**PROVIDED MATERIAL**:

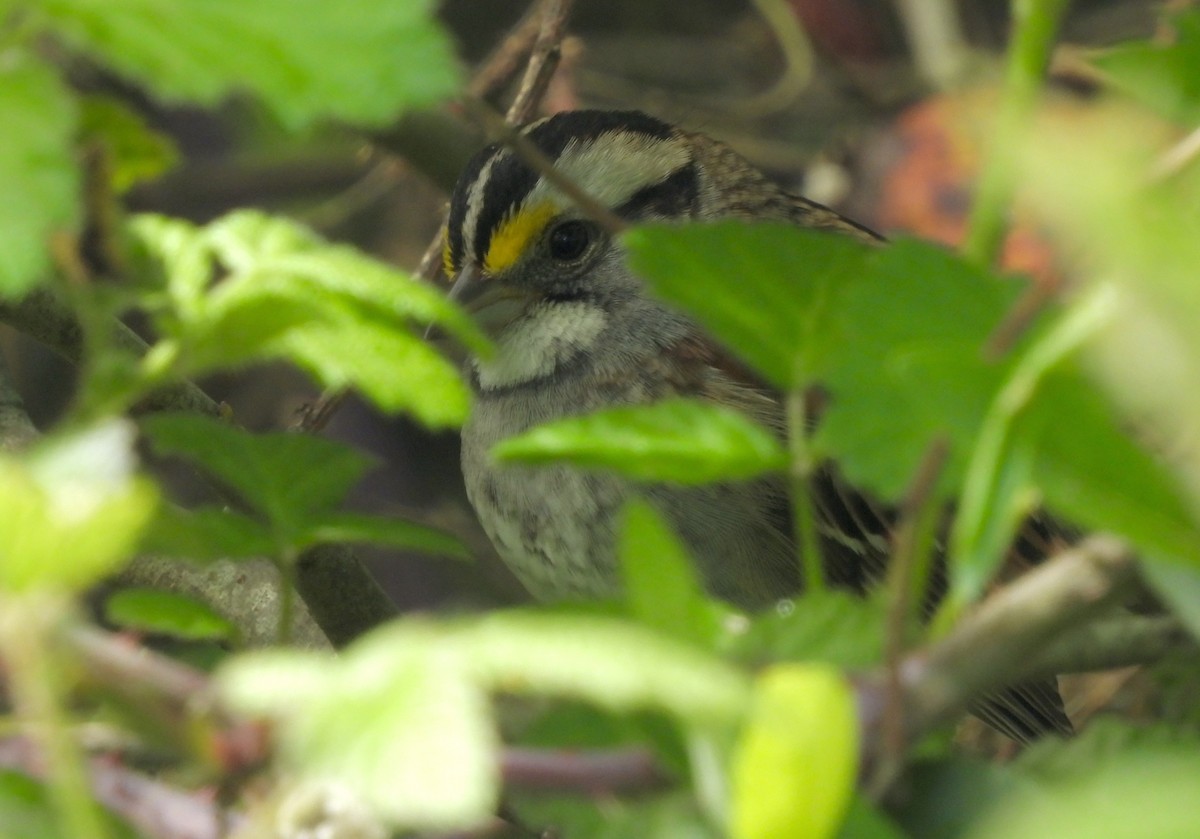 White-throated Sparrow - Rudyard Wallen
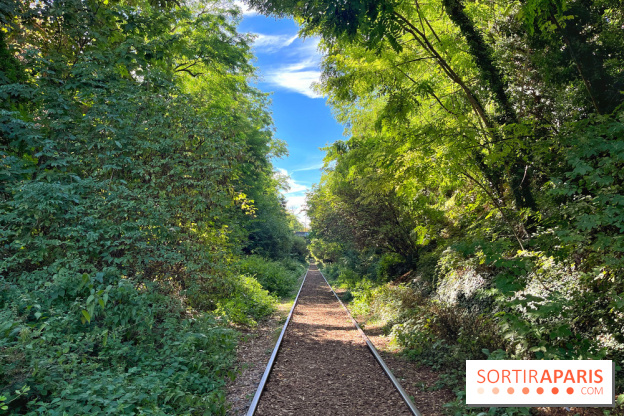 Balade sur la Petite Ceinture du 14 au 16e arrondissement : un sentier nature dépaysant
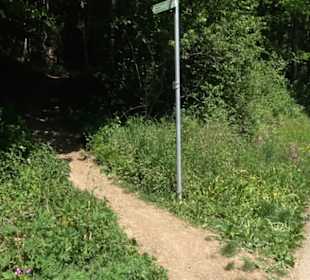 Wanderweg Sieben-Täler-Runde 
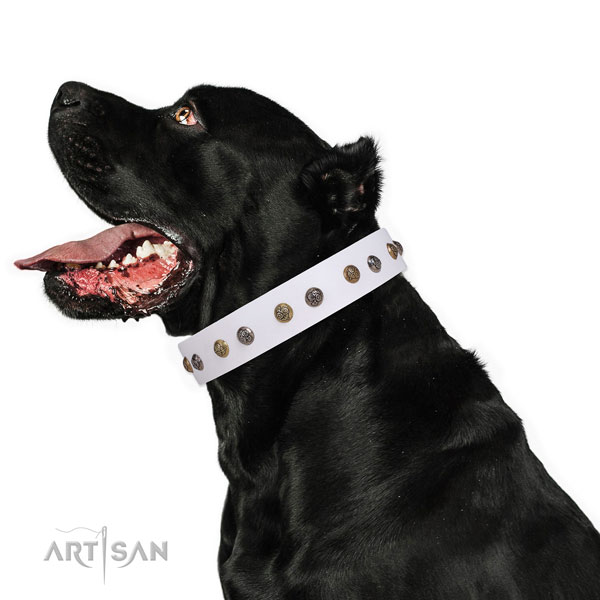 Everyday walking adorned dog collar made of high quality genuine leather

**WHAT IS REQUIRED**: Omitting all pictures, retype exactly the lines from the line containing "Balade sur la" down to the last line above, both ends included.

**EXERCISE SOLUTION**:
 Balade sur la Petite Ceinture du 14 au 16e arrondissement : un sentier nature dépaysant
 Wanderweg Sieben-Täler-Runde 
 Everyday walking adorned dog collar made of high quality genuine leather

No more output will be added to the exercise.